Seminar Held by the Department of Art Research, Archives, and Information Systems-Letter to Kuroda Seiki from Yamamoto Hosui
The Tokyo National Research Institute for Cultural Properties (TNRICP) owns several letters written to painter Seiki KURODA(1866–1924) who later in life was closely involved in the establishment of the institute. These letters are valuable materials for elucidating KURODA’s network of personal contacts during his life. For the reprinting and annotation of the letters, the TNRICP sought the cooperation of researchersoutside of the Department of Art Research, Archives and Information Systems. As part of the research work, the department hosted a seminar on Dec. 8th, 2016, inviting Mr.Akifumi SHIINO of the Fukui Fine Arts Museum to give a talk on “The Reprinting and Annotation of the Letters of Hosui YAMAMOTO to Seiki KURODA.”

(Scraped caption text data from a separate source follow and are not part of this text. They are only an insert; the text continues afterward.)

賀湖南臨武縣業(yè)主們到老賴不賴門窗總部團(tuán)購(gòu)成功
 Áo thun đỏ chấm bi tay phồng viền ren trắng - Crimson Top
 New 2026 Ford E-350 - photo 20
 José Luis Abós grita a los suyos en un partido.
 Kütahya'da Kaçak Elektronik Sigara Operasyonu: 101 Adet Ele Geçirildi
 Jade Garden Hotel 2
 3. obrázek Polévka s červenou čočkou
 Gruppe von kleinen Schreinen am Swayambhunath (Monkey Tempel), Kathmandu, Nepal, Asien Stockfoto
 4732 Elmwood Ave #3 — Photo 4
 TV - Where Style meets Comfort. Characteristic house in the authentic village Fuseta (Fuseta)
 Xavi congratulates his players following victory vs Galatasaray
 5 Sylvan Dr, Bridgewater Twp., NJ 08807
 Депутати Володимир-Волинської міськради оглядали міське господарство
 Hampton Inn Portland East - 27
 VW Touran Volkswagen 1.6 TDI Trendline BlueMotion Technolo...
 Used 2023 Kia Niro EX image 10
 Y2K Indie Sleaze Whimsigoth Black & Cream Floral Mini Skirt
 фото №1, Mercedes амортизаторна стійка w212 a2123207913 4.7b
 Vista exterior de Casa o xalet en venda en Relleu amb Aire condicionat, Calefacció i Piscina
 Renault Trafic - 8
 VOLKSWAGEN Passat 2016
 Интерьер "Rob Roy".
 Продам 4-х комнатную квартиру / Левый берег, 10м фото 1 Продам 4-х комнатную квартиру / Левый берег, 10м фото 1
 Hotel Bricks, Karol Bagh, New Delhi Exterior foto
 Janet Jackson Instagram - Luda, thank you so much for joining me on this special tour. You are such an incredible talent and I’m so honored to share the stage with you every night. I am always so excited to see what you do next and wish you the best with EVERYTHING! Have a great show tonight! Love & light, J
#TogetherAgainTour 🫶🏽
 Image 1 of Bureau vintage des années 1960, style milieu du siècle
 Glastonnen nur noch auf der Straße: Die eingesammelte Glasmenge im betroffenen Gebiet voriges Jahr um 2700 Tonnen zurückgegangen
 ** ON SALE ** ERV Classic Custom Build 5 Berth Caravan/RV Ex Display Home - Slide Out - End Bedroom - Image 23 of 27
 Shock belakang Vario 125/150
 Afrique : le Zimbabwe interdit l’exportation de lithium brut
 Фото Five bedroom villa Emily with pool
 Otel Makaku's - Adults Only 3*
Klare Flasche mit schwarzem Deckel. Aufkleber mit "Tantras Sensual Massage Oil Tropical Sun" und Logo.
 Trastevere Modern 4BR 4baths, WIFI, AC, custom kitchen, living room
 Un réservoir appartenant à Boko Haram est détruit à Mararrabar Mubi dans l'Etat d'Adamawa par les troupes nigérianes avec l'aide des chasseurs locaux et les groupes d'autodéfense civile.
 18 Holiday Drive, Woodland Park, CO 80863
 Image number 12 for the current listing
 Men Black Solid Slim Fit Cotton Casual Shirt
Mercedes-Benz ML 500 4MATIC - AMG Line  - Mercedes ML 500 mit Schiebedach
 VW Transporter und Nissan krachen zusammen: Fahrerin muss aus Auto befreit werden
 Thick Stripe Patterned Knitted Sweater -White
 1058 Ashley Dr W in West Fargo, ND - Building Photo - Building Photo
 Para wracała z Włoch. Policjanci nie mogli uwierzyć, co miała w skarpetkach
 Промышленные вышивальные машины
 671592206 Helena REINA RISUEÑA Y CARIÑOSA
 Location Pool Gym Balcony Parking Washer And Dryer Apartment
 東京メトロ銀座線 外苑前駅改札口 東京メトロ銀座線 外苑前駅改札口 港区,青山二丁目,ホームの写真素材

Hosui YAMAMOTO (1850–1906) was a leading Western-style painter of the early Meiji Period. During his time studying painting in France, he is known to have encouraged KURODA to become a painter instead of a lawyer. After returning to Japan, he established a painting academy, the Seikokan, which he later handed over to KURODA. He also joined the new artists’ society formed by KURODA, the Hakubakai, maintaining a strong friendship. The institute owns 14 letters written by YAMAMOTO to KURODA, documenting their friendship in Japan. Of these, nine were date-stamped in 1896, when they had both just returned from service as artists in the Sino-Japanese War. The letters dealt with their painting activities and YAMAMOTO’s thoughts on KURODA’s “Morning Toilette,” which sparked a controversy on nude painting when it was submitted for the 4th National Industrial Exhibition. One letter includes a self-drawn image of YAMAMOTO immediately after his return to Japan from China; many things he writes are amusing. These letters are noteworthy primary materials that shed light on YAMAMOTO’s disposition after his return to Japan, whereas he is primarily known for his lighthearted character in the social world of Paris’ artists and intelligentsia. SHIINO’s talk also touched on the positions of the two artists in the world of Western-style painting in Japan, both of whom were held in high esteem while being 16 years apart in age.